Consumer confidence in Ireland is now well ahead of the last peak in 2007, and also well ahead of our European neighbours.
CONSUMER INCOMES AND SPENDING
Household disposable income rose by 3% in 2013, the first increase since 2008, and continued to grow through to 2014 and 2015, but at a faster rate - this increase exceeding the growth rates of the Celtic Tiger era.
Borrowing by Irish consumers grew at a record level from 2000 onwards and peaked in March 2008 at €150 billion, but has declined steadily since then, down 39% from 2008 to €92 billion in Q3 2015. Household debt is reducing at a rate of about 2.8% per annum. The figures show that lending to Irish households fell again in Q4, while deposits rose sharply.
The rate at which Irish households have reduced their debt is quite remarkable, surpassing most other countries – with household debt as a percentage of income having decreased by 33%.
Sales of new cars experienced a major turnaround in 2014, with 92,361 units sold, a 30% increase on the previous year. This buoyancy continuing through 2015, with 121,110 new private cars licensed, a rise of 31% for the year. Sales of second hand cars are also thriving, with almost 950,000 transactions in 2015, which was up 8% on 2014.
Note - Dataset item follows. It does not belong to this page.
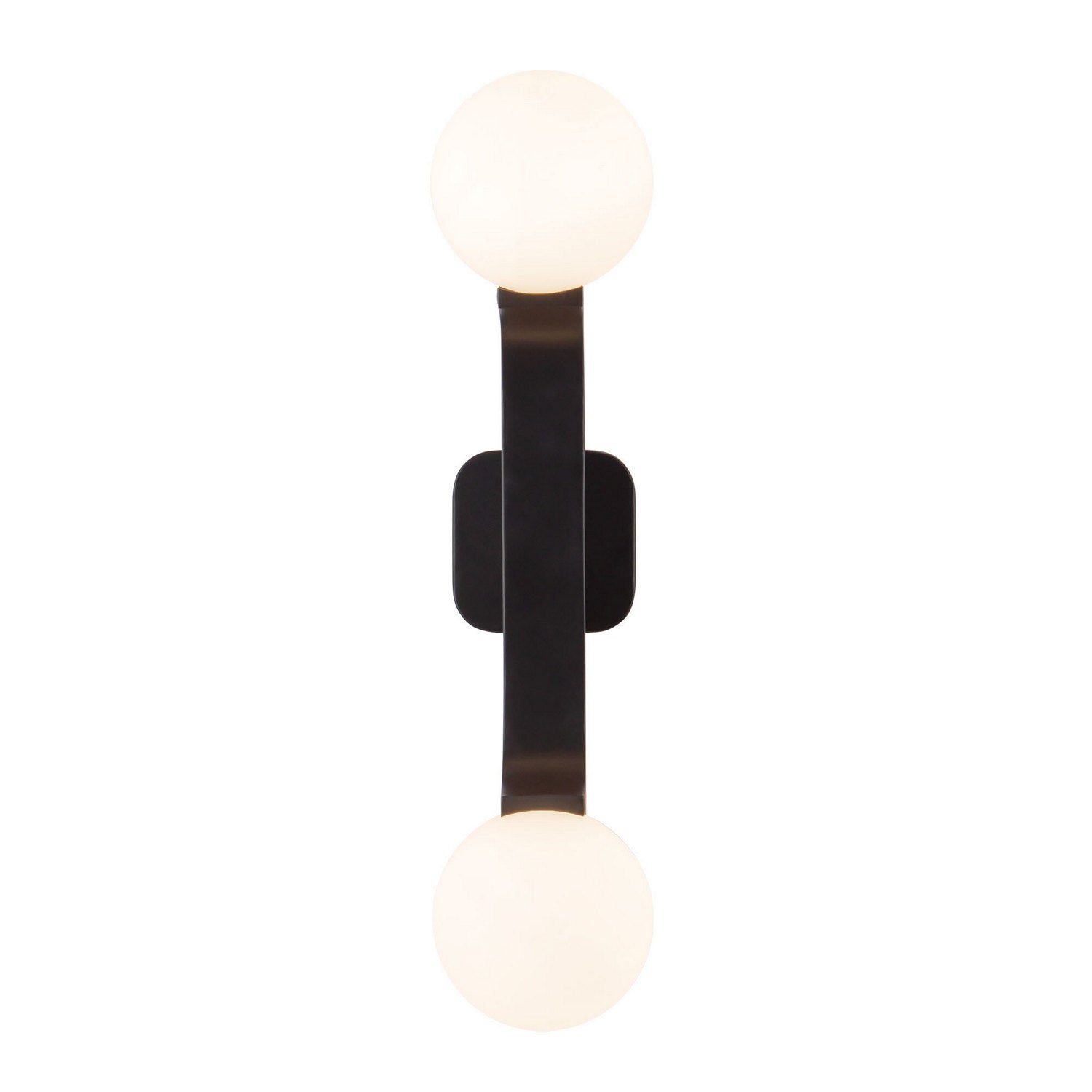 Applique murale 2 lumières | Briar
Retail sales excluding the motor trade are also improving; sales volume rose by 3.7% in 2014 while value increased by 1.5% indicating a significant upturn in activity. Retail sales growth accelerated further in 2015, with volume up by 6.7% in Q4, year-on-year, and value up 3.3%.
All product categories except fuel experienced growth in Q4 2015. Most remarkable is the significant growth displayed by sectors that have been particularly weak throughout the recession, such as bars and newsagents. In summary:
- Food sales up 4.5% in volume and up 3.3% in value;
- Non-specialised stores (supermarkets) up 4.8% in volume and 3.6% in value;
- Fuel down -2.0% in volume and down -10.8% in value;
- Clothing, footwear & textiles up 7.4% in volume and 4.1% in value;
- Household equipment up 10.1% in volume and 6.1% in value;
- Department stores up 8.8% in volume and 5.6% in value;
- Pharmaceuticals and cosmetics up 7.4% in volume and 3.7% in value;
- Bar sales up 5.8% in volume and up 6.4% in value.
- Books, newspapers, stationery up 1.3% in volume and 2.8% in value;
Overall, retail sales are back on a strong growth path, getting stronger in each successive quarter of 2015. This positive momentum bodes well for continuing growth through the rest of 2016 and into future years, reflecting the broad-based strengthening of the economic fundamentals in the Irish consumer market.
Mary Lambkin, Professor of Marketing, UCD Smurfit School, and one of the authors of the Monitor, said: “Consumer spending accounts for over 50% of GNP in Ireland and is a critical factor in driving recovery in the economy. The level of consumer spending is fundamentally dependent on the amount of disposable income circulating, and this has increased significantly in the last year as a result of more people at work. In fact, the increase in disposable income last year was back to the sort of level that we have not seen since the Celtic Tiger years. This increase in incomes, together with greater availability of credit, is leading to accelerated spending on many categories of goods and services."
Tom Trainor, Chief Executive, The Marketing Institute, said: “Despite massive national debt and a shaky banking system, it is great to see consumer confidence reaching its highest level in a decade, as this is driving spending which is in turn enabling many businesses to grow and expand employment.”